Miro made the appeal on the eve of his visit to Ankara, which will take place amid US warnings to Turkey, a long-standing Muslim ally and NATO partner, to toe Washington’s line in relations with its southern neighbor Syria. “The whole world knows about America’s policy to establish a new order in the Middle East,” Miro told the mass-circulation Turkish daily Sabah from Damascus. “Therefore I think Turkey, Syria and Iran as well as other countries need to act more and more together because if we stay alone it becomes easier to do what has been done to Iraq,” he was quoted as saying.
The United States - as the current rulers of Iraq - are a neighbor “at least as bad as Saddam Hussein”, said the Syrian premier, whose country Washington accuses of harboring terrorists and weapons of mass destruction. “Our common wish is that the occupation ends as soon as possible and America leaves the region as soon as possible,” Miro was quoted as saying.
Turkey’s relations with both Syria and Iran have warmed in the wake of the US-led war in Iraq. The three neighbors share concerns that any move toward self-rule by the Kurds in northern Iraq could spark unrest among their own sizable Kurdish minorities.

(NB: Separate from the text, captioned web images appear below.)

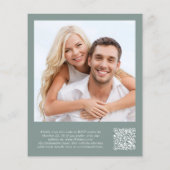 バジェットフォトQRコードウェディングレセプション招待状 (裏面)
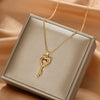 Smart Series Titanium Steel Women's Fashion Beating Heart Necklace With Letter Number Text Pattern O Chain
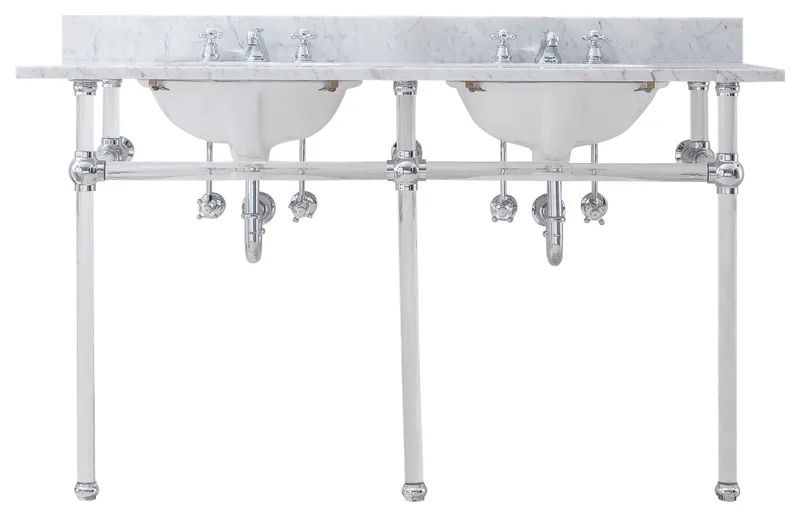Empire 60" Wide Double Wash Stand Only, Chrome
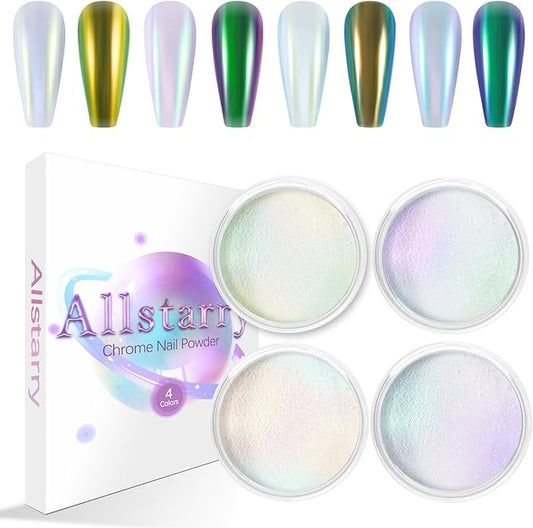 Allstarry White Chrome Nail Powder, 4 PCS Color-Shift Chameleon Mica Powder Aurora Chrome Effect Glitter Dust Iridescent Pearlescent Pearl Pigment for Gel Polish Nail Art Decoration, Resin Craft-Velvo Beauty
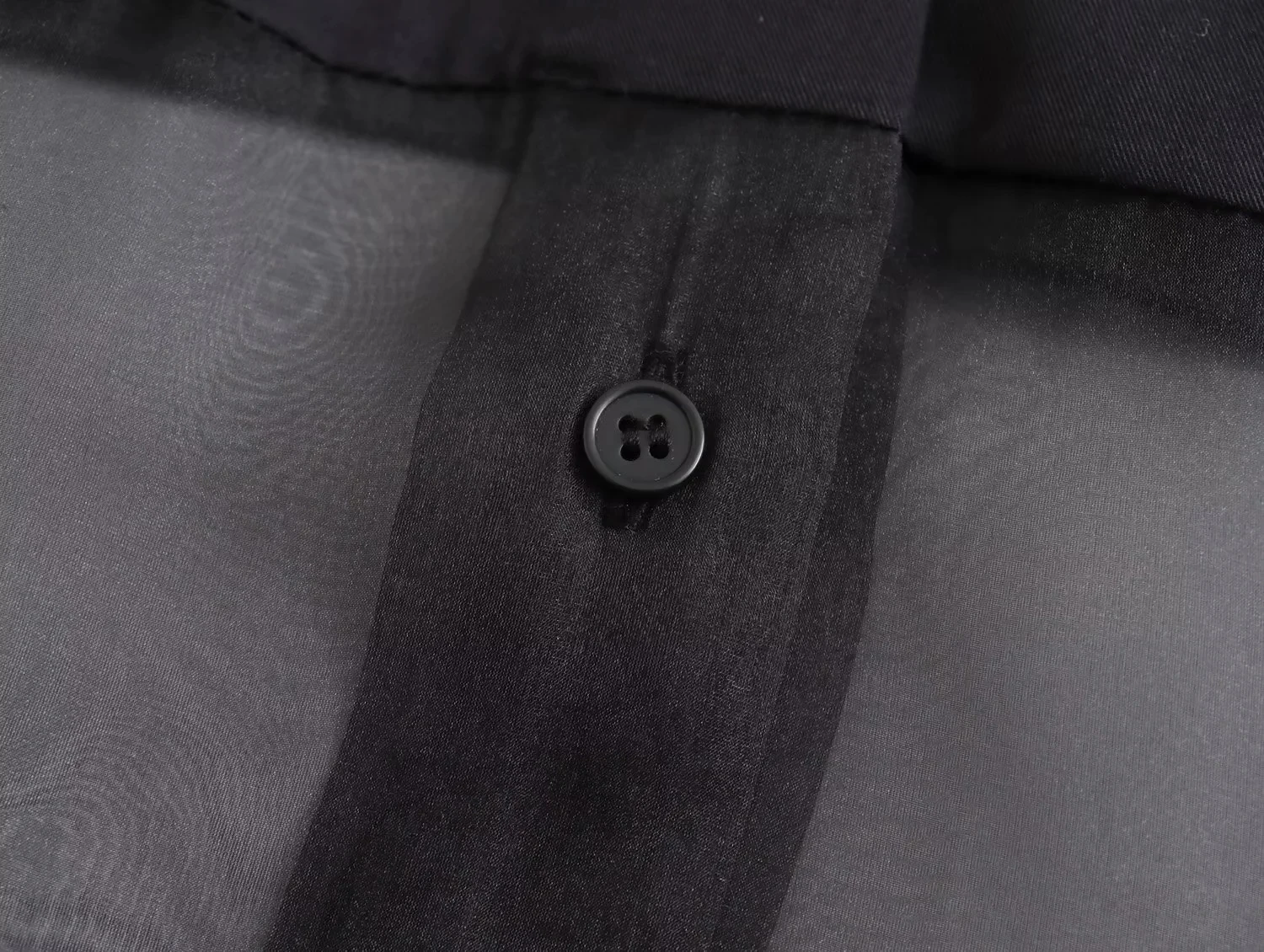 قميص نسائي فضفاض بأسلوب الشارع الخريفي من JNLEAOG، مصنوع من التول الشفاف، بأكمام طويلة وياقة بولو، بسماكة عادية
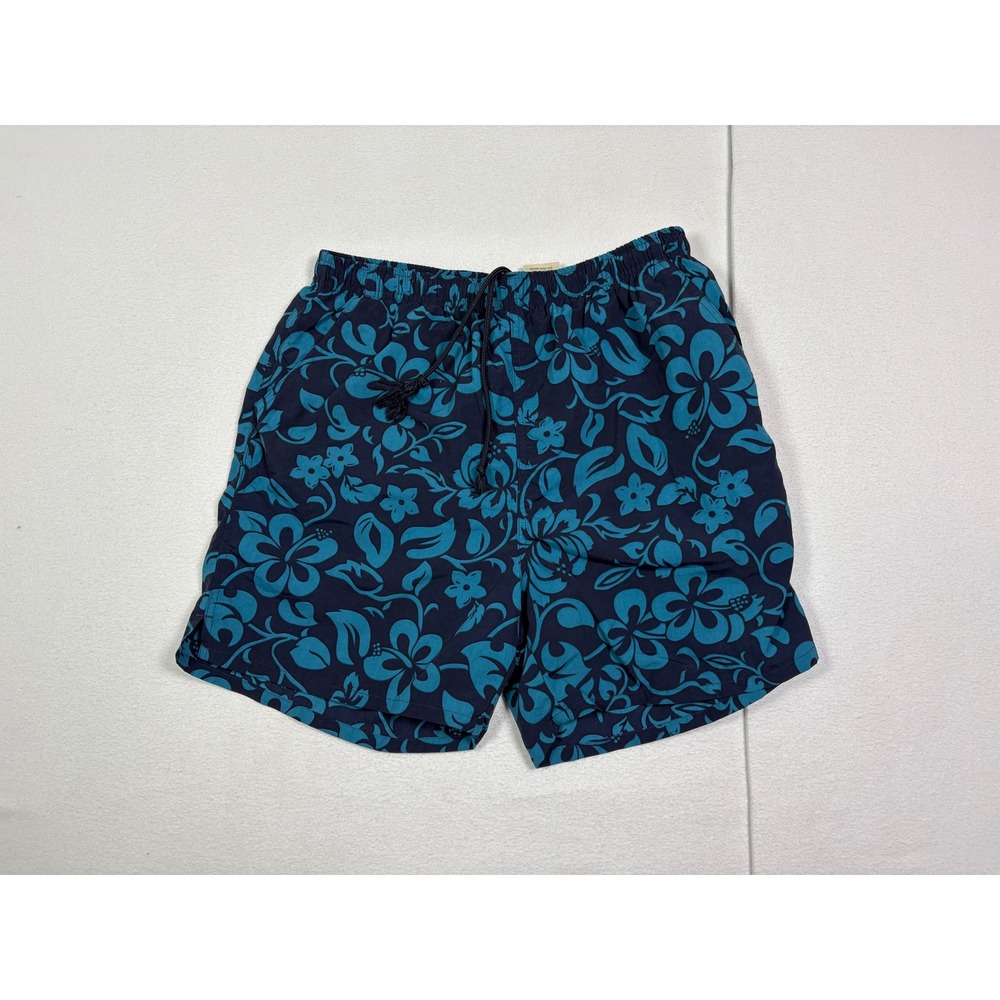 St Johns Bay Mens Medium Floral Hibiscus Swim Trunks Navy Blue Teal Mesh Lining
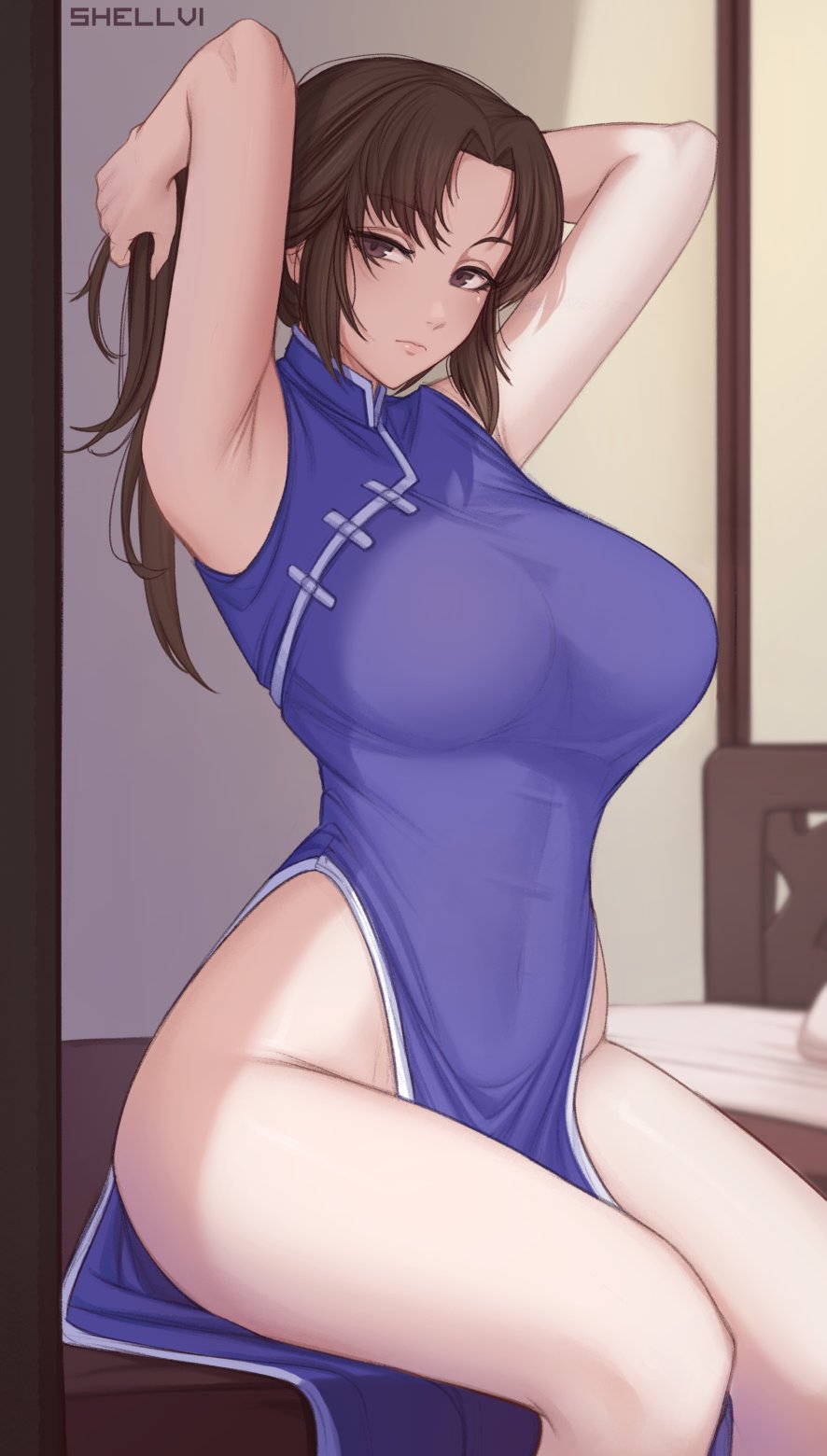 1girl, armpits, arms_behind_head, arms_up, bed, blue_dress, breasts, brown_eyes, brown_hair, china_dress, chinese_clothes, collared_dress, dress, expressionless, highres, holding, holding_own_hair, hong_xiu_ying, huge_breasts, indoors, large_breasts, long_hair, looking_at_viewer, on_bed, parted_bangs, pelvic_curtain, sega, shellvi, shenmue, shenmue_ii, shenmue_the_animation, side_slit, sidelocks, signature, sitting, skin_tight, sleeveless, sleeveless_dress, solo, thighs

But the United States has warned Turkey that its cooperation with Syria and Iran should be limited and coordinated with Washington. “I think anything that Turkey does with Syria or does with Iran should fit into an overall policy with us, of getting those countries to change their bad behavior,” US Deputy Secretary of Defense Paul Wolfowitz said in an interview with Turkish television in May.
In remarks to another Turkish newspaper, however, Miro said the recent improvement in Turkish-Syrian ties was not against US interests. “The objective of Turkish-Syrian relations is not to challenge the United States... These are relations between neighbors,” he told Hurriyet.
Miro’s talks here will take place in the wake of Turkish Foreign Minister Abdullah Gul’s visit to Washington last week, in which the two NATO allies sought to improve their ties, at an all-time low following Ankara’s failure to back the war in Iraq and persisting tensions over Iraqi Kurdistan.
Tension eased in October 1998 when Ocalan left Damascus, his longtime safe haven, and Syria pledged to stop harboring the rebels, allowing a significant improvement in both political and economic relations.